First published on the Pink Heart Society website

Cutting Your Manuscript to Size

You finally finish your story and find it’s over word count for the publisher you’re targeting, or for the short story contest you want to enter. So comes the process of cutting your manuscript. Even if you’re self-publishing and there are no guidelines on story length, it’s useful to review your manuscript and make it as tight as possible.

And if you tend to write under the target word count, there are times when pruning is useful too!

Some writers like me tend to write longer than the publisher’s word count, so pruning back is vital. But it’s not just about cutting for the sake of cutting. I find that trimming my story focuses my attention on what’s important on the page and what isn’t. It helps me cut through waffle to get right to the heart of the story. That helps with the pacing and the emotional punch of the story.

Recently a friend, who doesn’t usually have the problem of going over her publisher’s desired word count, was asked to cut a little off her manuscript. She said later it was a great exercise in discovering what she’d written that wasn’t really necessary. So, whether you struggle to get as high as the requested word count, whether you absolutely need to trim to get down to it, or whether you’re just interested in making the story as tight as possible, these suggestions may help.

First up, if you can, leave a little time between finishing the story and editing. Time and the distraction of other work can help you identify areas for improvement.

Second, try another medium. If you write and revise on the computer, try printing a copy and sitting with a pen in hand in a space well away from where you write. It’s amazing how a different location and different format can help give you a new perspective. If you usually review your work on paper, try reading it on screen too.

Schedule a couple of interruptions. One of our difficulties as writers is that we get caught up in our own stories. That’s actually a huge plus but when it comes to editing, we need to read what’s actually on the page, not get swept up in the drama of the story, which can happen if we immerse ourselves. Get up after a scene or chapter break and stretch your legs, do some chores or anything else that will break the flow just enough that when you go back, you’re viewing the story as an outsider.

Look for well-used descriptors. How often in your manuscript do you refer to your hero’s piercing eyes or strong hands? To your heroine’s golden hair or cupid’s bow mouth or feisty stance? Authors use these tags because they’re relevant to the scene, but also because they lodge in our brain. Do a check on how often you describe your characters using the same words. That’s a chance to cut the description (the reader doesn’t need to hear about his chiselled jaw every time the heroine looks at him) or just to vary your word choices.

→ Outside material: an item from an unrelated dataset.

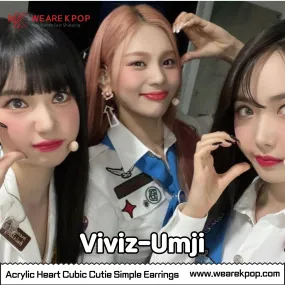 Acrylic heart cubic cutie simple earring(Viviz-Umji) - 925 Sterling Silver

Similarly, look for overused actions. Our characters show us how they’re feeling not just by what they say but by what they do. Is your character biting her/his lip every fifth page? Do they pace or prowl or twirl their hair or do anything else multiple times through the story? Don’t cut all of this – it helps us understand and picture the character. But again, check that these actions are used where necessary, not just as a matter of course.

In a similar vein, look out for favourite words that keep appearing in your writing, but don’t necessarily add a lot. ‘Just’ is one that needs watching. So are ‘almost’, ‘really’ and ‘said’ (you don’t have to tag every piece of dialogue in the story). We all have favourite phrases and words that creep into our writing. If you can’t identify them, give ten pages of your writing to someone else and see if they can pick the ones you sprinkle through your work. Then make a list, put it beside your computer and do a search. See if you can eradicate some of them.

Look out for long descriptions. This varies depending on the style of story you’re telling, but if you’re given to pages of description in great detail, take time to ask yourself what that achieves. Can you achieve the same effect and yet crop some of it? The same goes for unnecessary dialogue. If your characters are talking that’s a good thing, but not if they’re talking about the weather or what time the bus goes, or agreeing to do something solely because you need to set up the next scene. Unless that dialogue also moves the story forward it’s likely you can prune it. Don’t forget, as an author you can focus on writing the ‘good bits’. You don’t have to show the characters planning in huge detail why and how they’ll get to the place you want them in the next action scene. You can simply cut and then begin a new scene with them where you want them, with minimal detail on how they arrived there.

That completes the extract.